There is also a satellite drama. We follow it from “Love Begins” to “Love Ends,” for it can never rise above fallacy in a world whose political architecture is brick-and-mortared with enmity. A clarinet takes off its shadowy muzzle to reveal a voice of reason and bleeds into a formative conversation, a date—as in dinner and a movie—that thrives on a hint of obligratory romance, yet which dies in the inevitable dismay of human connection.
“War,” in both length and content, is the heart of this composition, a tearful sermon on the iniquities of weapons and flesh which makes clear to us that this is a school not only of understanding but also of conversation, a school where education is nothing if not extracurricular. It is a church whose only preacher is whoever appears on a tendered note, and where terrorism is a font in which anyone may be baptized. The cry of an electric guitar bounces across faded frescoes. The students are shocked to realize that war is a reality one may live. The real learning begins in the knowledge that placing their minds in the hands of conflict is one thing, but that likewise placing their bodies is another entirely. An acoustic guitar is another veil of tears through which only the Refugee may see clearly to the memories beyond. She tells her story as might a mother to her child, as might a child to her mother. This street where once she ran is now a place of careful footsteps and homes reduced to ashes and dust.

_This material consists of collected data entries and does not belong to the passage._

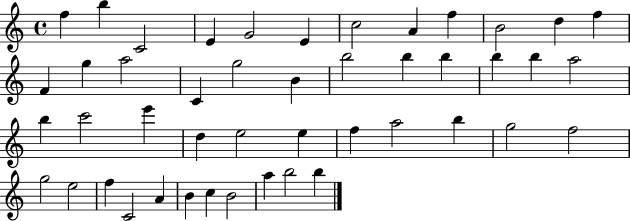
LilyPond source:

{
  \clef treble
  \time 4/4
  \defaultTimeSignature
  \key c \major
  f''4 b''4 c'2 | e'4 g'2 e'4 | c''2 a'4 f''4 | b'2 d''4 f''4 | \break f'4 g''4 a''2 | c'4 g''2 b'4 | b''2 b''4 b''4 | b''4 b''4 a''2 | \break b''4 c'''2 e'''4 | d''4 e''2 e''4 | f''4 a''2 b''4 | g''2 f''2 | \break g''2 e''2 | f''4 c'2 a'4 | b'4 c''4 b'2 | a''4 b''2 b''4 | \break \bar "|."
} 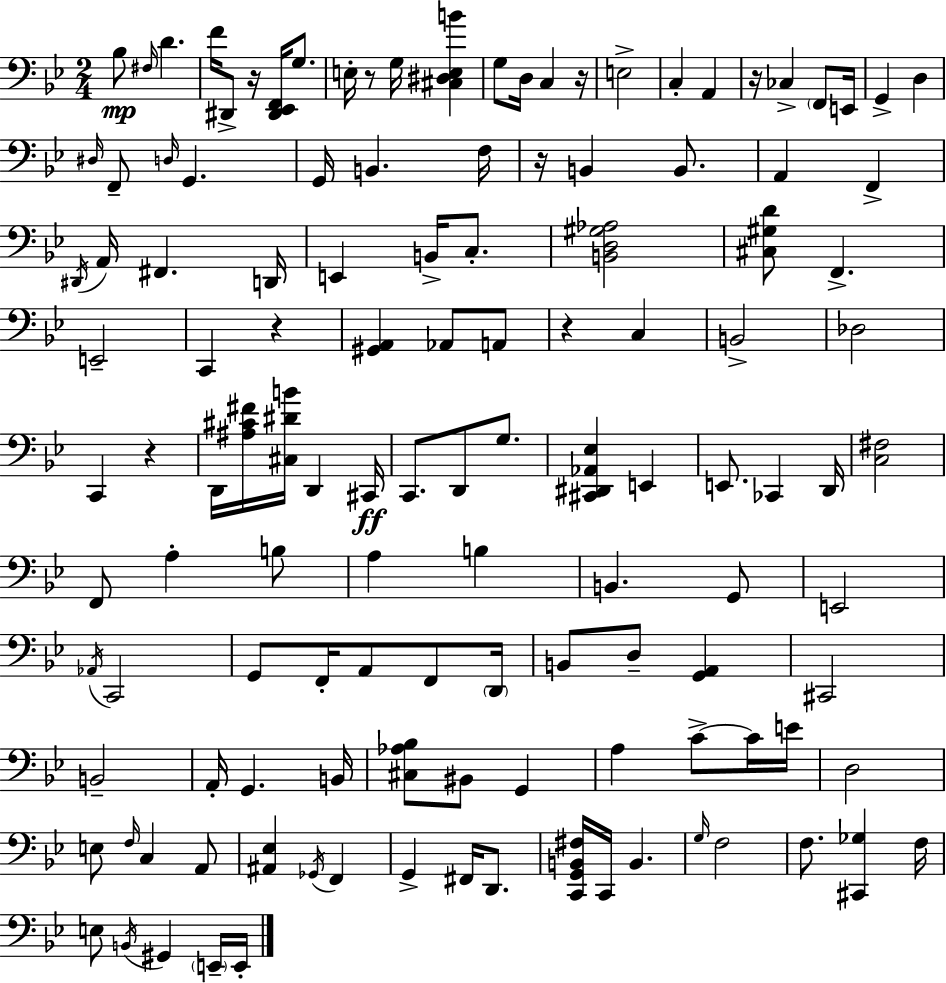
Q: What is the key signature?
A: G minor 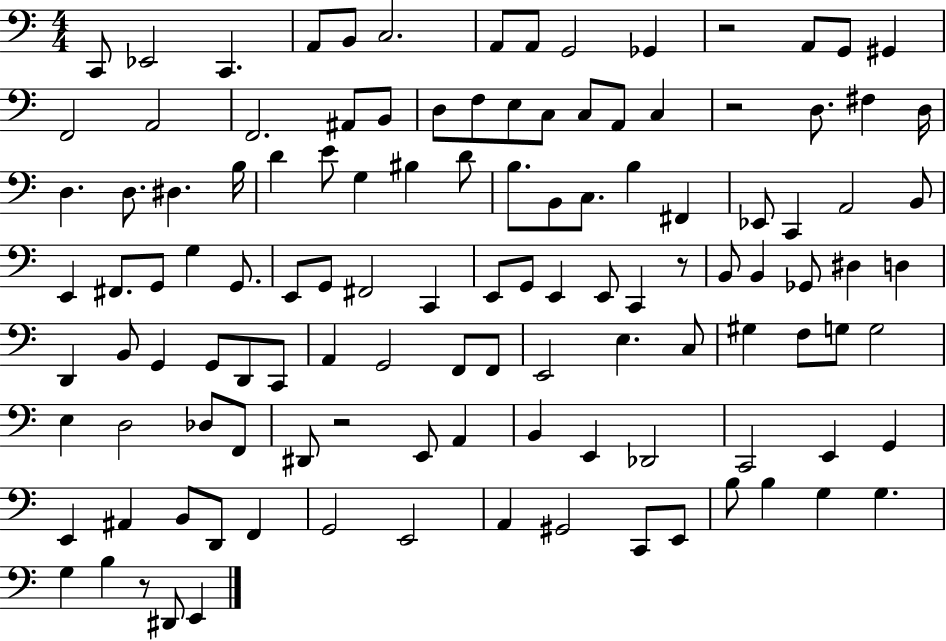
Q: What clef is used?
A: bass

We “Pause” for reflection and release, swimming through the confusions and contusions of “Understanding,” and awaken in the deeply rooted tremors of “Health And Poverty.” True sickness, we are told, ignores the corporeal and makes its nest in denial and vanity. Once the mirror is broken, we at last see ourselves for who we are, sucking life like parasites from those who need it most, those who’ve never known what it could be, to whom possibility is a passing ideology. Once suffering has clarified its cause, the rest of us latch on to the effect, as if it might give us answers. To the awakened mind, the truth is too much to bear, so that statistics become like words, speaking all too clearly. And while the banality of human interaction (“Platitudes”) is offset by alluring music, we check off our litany of exasperations in “Intolerance,” working our way toward silence, where only one question remains: “What Is The Word.” The Teacher’s voice grows distant as we fall from the source of all songs, sliding down the double-edged blade of knowledge, which both brought everyone here and glints with the promise of hard-won salvation. It cuts the playing field into same-sized pieces, repeating itself, repeating itself…
If you were ever unsure of Mantler’s genius before, then I can only hope this will convince you. The School Of Understanding is not the soundtrack to a film, but the film to a soundtrack. It scoops the idea of education like a dead fly out of stagnant water and resuscitates it to full buzzing flight. It is the pinnacle of Mantler’s craft. This definitive recording belongs on any “Best of ECM” list.